▸ **Exercise**
The data must be copied over exactly and in full.

----------

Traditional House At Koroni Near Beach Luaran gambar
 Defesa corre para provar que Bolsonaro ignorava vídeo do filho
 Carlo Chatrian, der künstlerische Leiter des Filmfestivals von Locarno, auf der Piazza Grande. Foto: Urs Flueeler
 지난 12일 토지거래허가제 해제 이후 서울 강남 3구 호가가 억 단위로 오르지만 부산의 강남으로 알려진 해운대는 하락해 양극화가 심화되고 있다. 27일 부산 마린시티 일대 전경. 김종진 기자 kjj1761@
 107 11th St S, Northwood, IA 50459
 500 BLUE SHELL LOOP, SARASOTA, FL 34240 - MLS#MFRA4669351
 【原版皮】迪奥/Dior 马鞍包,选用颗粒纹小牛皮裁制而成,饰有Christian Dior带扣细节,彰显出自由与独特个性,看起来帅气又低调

----------

▸ **Result of this exercise**
Traditional House At Koroni Near Beach Luaran gambar
 Defesa corre para provar que Bolsonaro ignorava vídeo do filho
 Carlo Chatrian, der künstlerische Leiter des Filmfestivals von Locarno, auf der Piazza Grande. Foto: Urs Flueeler
 지난 12일 토지거래허가제 해제 이후 서울 강남 3구 호가가 억 단위로 오르지만 부산의 강남으로 알려진 해운대는 하락해 양극화가 심화되고 있다. 27일 부산 마린시티 일대 전경. 김종진 기자 kjj1761@
 107 11th St S, Northwood, IA 50459
 500 BLUE SHELL LOOP, SARASOTA, FL 34240 - MLS#MFRA4669351
 【原版皮】迪奥/Dior 马鞍包,选用颗粒纹小牛皮裁制而成,饰有Christian Dior带扣细节,彰显出自由与独特个性,看起来帅气又低调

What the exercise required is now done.